Alf was disappointed not to have made it back to the Island by springtime as in previous years. He has usually spent weeks in the garden by this stage, repeating past successes, making changes to his previously less rewarding efforts and experimenting with new visions dreamt up over the winter. He seemed particularly pleased this year to have sourced some spaghetti squash seeds for me, something which we don’t see in this part of the world. Alf’s absence has been a source of mixed feelings for my husband, I think, who on one hand can usually count on Alf to help manage the garden when it is at it’s most weedy and bountiful but on the other hand he seems to be relishing in his complete domination over the land. Mwahahaha he is thinking as I watch him roamin’ in the gloamin’ in his blue crocks that came with the house.

It was also a bit of blow for Alf not to be getting use of the boat he bought over the winter. It has sadly spent more time in our drive, a breach of our deeds, than it has in the sea. No freshly caught smoked mackerel for us this summer.

Our contact with Alf over this unreal period of time has been via Messenger video for the most part, a medium which has thrown up frustration and hilarity in equal measures.

Unfortunately for me, when the world of video chat opened up for Alf, it cooincided with me having to get to grips with various means over which to hold virtual meetings while working from home. This meant I could be chairing a Group wide HR meeting by WebEx while Alf’s shaggy facebook profile repeatedly takes center stage on my phone while I decline his attempts to call, one after the other turning the air blue around me. Even though I am pretty sure it could not happen, I couldn’t shake the feeling that Alf would suddenly be linked in to my meeting. The temperature eeked upward on the Alfometer.

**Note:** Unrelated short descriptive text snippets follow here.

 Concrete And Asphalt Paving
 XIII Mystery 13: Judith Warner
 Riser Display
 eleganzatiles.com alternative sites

Thursday night for us has been family night for some time now and we attempted to carry on the tradition by lockdown. This has seen varying degrees of success. Unfortunately dinner time for us means mid-afternoon for Alf so he makes his calls from a tractor in the middle of an enourmous stretch of land.

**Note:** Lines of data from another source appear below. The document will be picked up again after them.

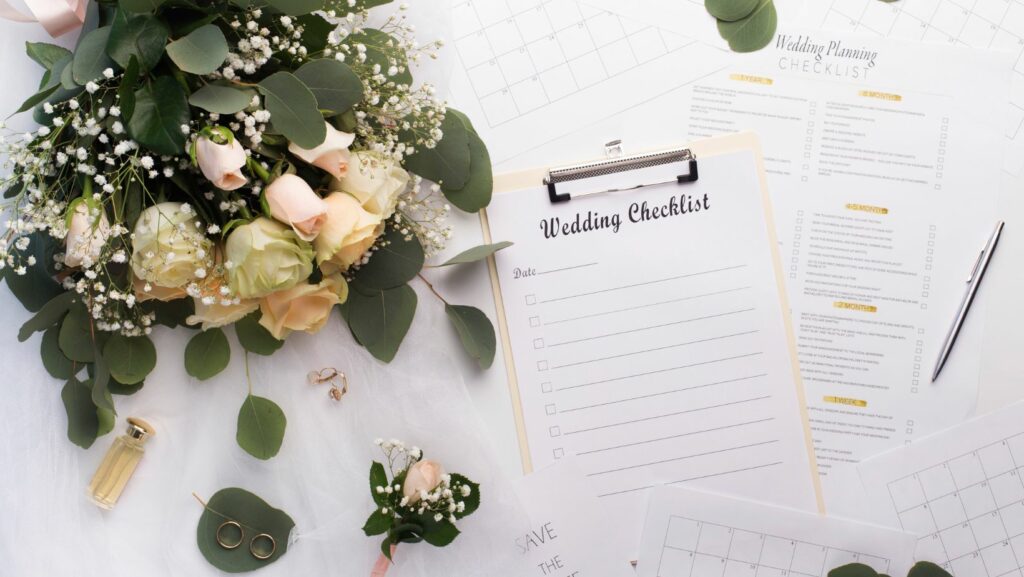 Wedding Music Checklist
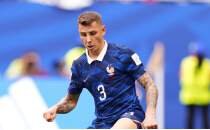 PSG'de sol beke Lucas Digne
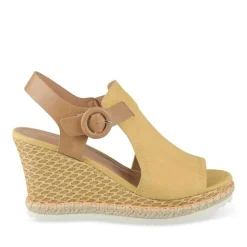 Sandalen GEEL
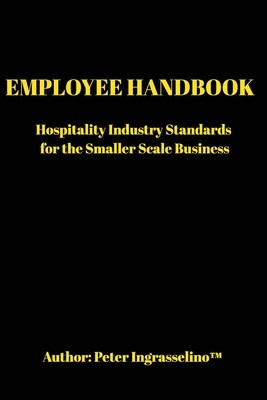 Employee Handbook: For the Smaller Scale Business foto
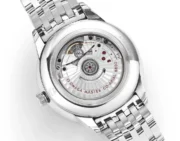 Omega De Ville Prestige Red Dial Steel - Image 3
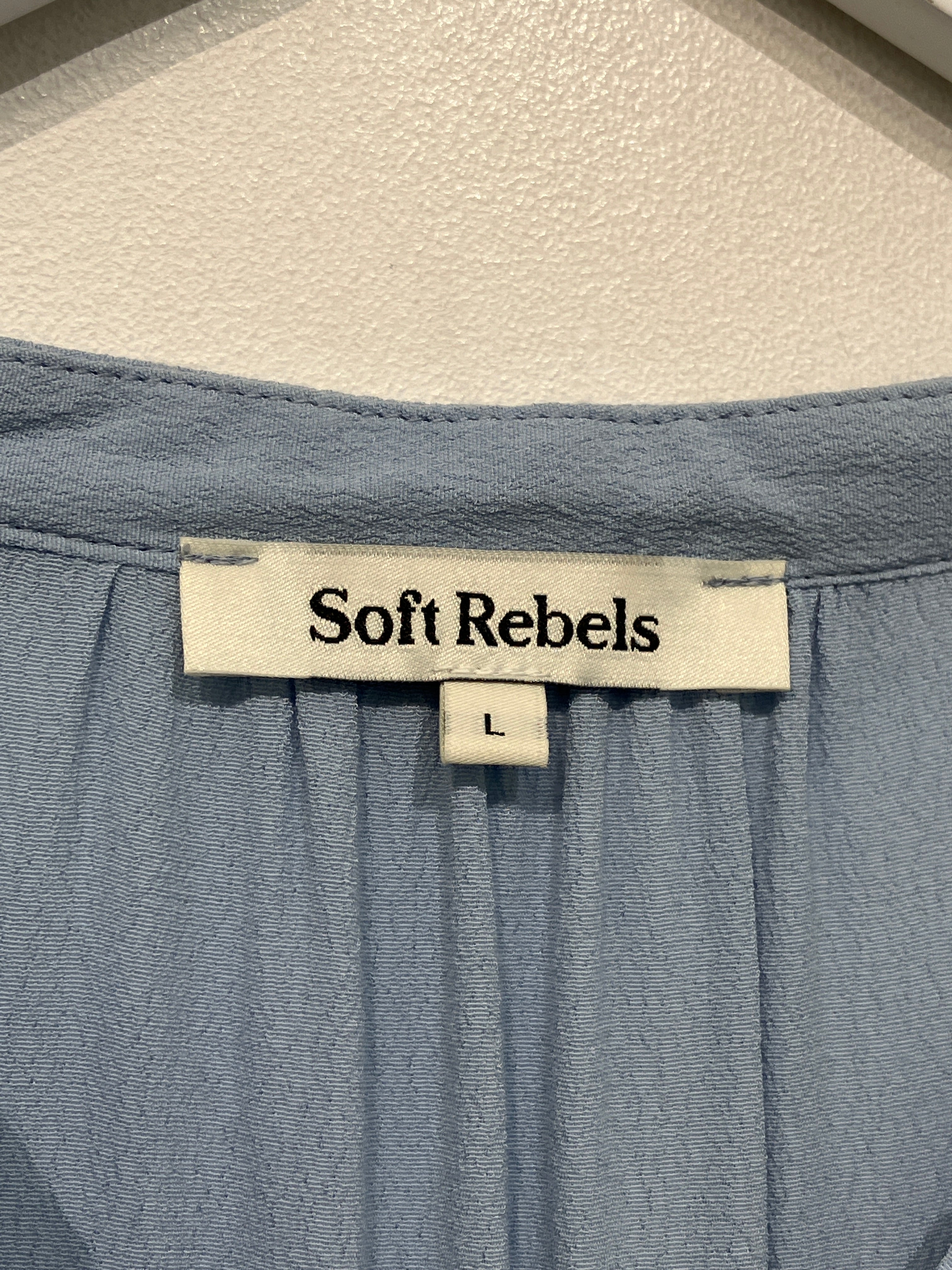 Soft Rebels Skjorte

At best, he is far from the camera. He looks around and we see the blue sky. There were several weeks where we were allowed a view of either Alf’s forehead or his chin. Father’s day love exhibit number 1 is that I refrained from using the word chin in its plural form. I jest really as that particular camera angle could, I’m sure, make even Eva Longoria look like a bullfrog on steroids.

The worst of the supper links with Alf saw him waving a hotdog around in front of the camera, an unsightly scene, his humour, that of a 13 year old, distracting from any potential chance to converse sensibly. My fault. I tried to get him to stop which for some reason inspires Alf to continue more vehemently.

Easter was a particular low, when Alf sent a joyous Easter message involving a photo of what can only be described as a double-fanny-bunny which managed to incorporate both the British and the American interpretation of the word fanny. I was not on the receiving end myself funnily enough, but I had messages throughout the day from those who were. I put myself metaphorically into my father’s size 10-wide docksiders that Sunday morning, to try understand his decision-making as he must have scrolled through his contact list:

Great-niece -heh heh heh, send

Ex-wife – double-fanny-bunny, send

Gorgeous, lovely friend of grand-daughter – double-fanny-bunny it is

Son-in-law – why not

Step-daughter – send

Friends of daughter – worldwide sendings of double-fanny-bunnies

Daughter of neice’s husband – Happy-double-fanny-bunny-Easter to you.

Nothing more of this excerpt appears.